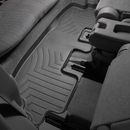 Tapis d'auto FloorLiner WeatherTech - Toyota Highlander 2012 - 2013
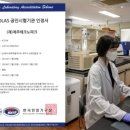 테크노국제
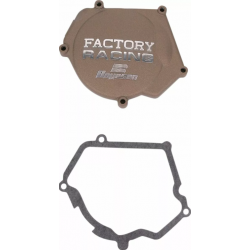 Capac de aprindere BOYESEN IGN CVR YZ250 magnesium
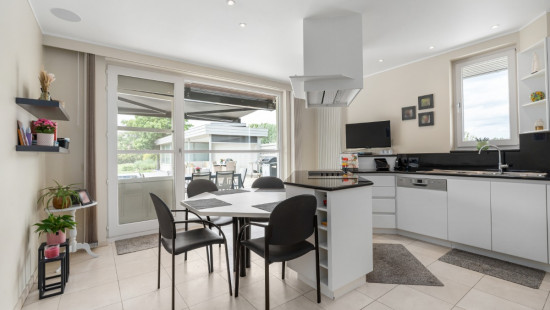 Kortrijkstraat - 27A - - 9790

> **GOAL OF THE EXERCISE**
Transcribe each line of the material above verbatim, but do not include the images.

> **RESPONSE TO THE TASK**
 Tapis d'auto FloorLiner WeatherTech - Toyota Highlander 2012 - 2013
 테크노국제
 Capac de aprindere BOYESEN IGN CVR YZ250 magnesium
 Kortrijkstraat - 27A - - 9790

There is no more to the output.